# When an object crosses a black hole event horizon, does the entire object cross the event horizon "all at once?"

This is a follow-up question based on some discussions in one of my other questions posted here.

Imagine a standard Schwarzschild black hole of sufficiently large size so that tidal forces are negligible at the event horizon. The question is, when a spatially extended object enters the black hole, does the event horizon surface sweep past the object or do all parts of the object fall into the black hole at the same instant?

In one of the answers, Dale says,

The event horizon is a lightlike surface. In a local inertial frame it moves outward at c. So while it is true that there is an antipodal piece going the other way it doesn’t matter. The antipodal piece is going slower than c in the local inertial frame. So the horizon is going faster and the antipodal piece cannot possibly cross back through the horizon.

However, in the comments of my question, safesphere says,

The flaw in your question is assuming that things cross the horizon gradually. For example, if you fall feet forward, you assume your feet cross the horizon before your head. This is incorrect. This thinking follows the intuition based on the flat spacetime. The horizon is not a place, it is not spacelike, but lightlike. This means that your head and your feet cross at the same instant. The entire flywheel, no matter how large, crosses the horizon all at once. There is no “front” or “back” when you cross. There is no direction in space pointing “back” to the horizon from the inside.

[...]

See Kevin Brown: “One common question is whether a man falling (feet first) through an even horizon of a black hole would see his feet pass through the event horizon below him. As should be apparent from the schematics above, this kind of question is based on a misunderstanding. Everything that falls into a black hole falls in at the same local time, although spatially separated, just as everything in our city is going to enter tomorrow at the same time.” - Falling Into and Hovering Near A Black Hole

Perhaps the best description is as follows, because it is both intuitive and coordinate independent. Consider two objects falling along the same radius one after the other. Consider the events of these objects crossing the same given radius. These events are timelike separated outside, spacelike separated inside, and lightlike separated at the horizon. So the spacetime interval between the events of two sides of your flywheel crossing the horizon is zero (or “null” as it is commonly called) in any coordinate system.

These two quotes seem like they contradict each other. Which one is correct?

## Questions

I want to do some analysis of my own involving Eddington-Finkelstein coordinates and Kruskal–Szekeres coordinates, but I am short on time today. I intend to update my post with more info later.

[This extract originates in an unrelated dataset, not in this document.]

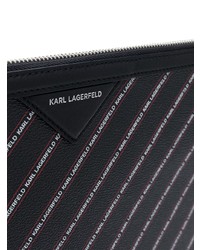Pochette en cuir à rayures verticales noire Karl Lagerfeld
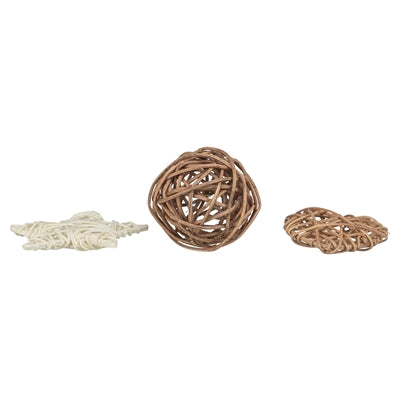 Trixie Xmas Rotan Set Ster / Bal / Hart 5-6,5 Cm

• In order to even make the claim that all parts of an object pass the event horizon at the same instant, we need a notion of local simultaneity. What notion of local simultaneity is safesphere using in their claim?
• User safesphere says, "This means that your head and your feet cross at the same instant. The entire flywheel, no matter how large, crosses the horizon all at once." But I don't understand this claim. If you send an arbitrarily long pole, say extending from Earth to Sagittarius A*, this claim seems to imply that if one end of the stick crosses the Schwarzschild radius, then entire pole would be instantaneously sucked into the black hole at once. This violates the speed of light limit and causality. Doesn't this thought experiment demonstrate that your head and feet don't cross the horizon all at once?
• Is the conflict between the two quotes a matter of using different coordinates? Could both be true? Or is there something deeper?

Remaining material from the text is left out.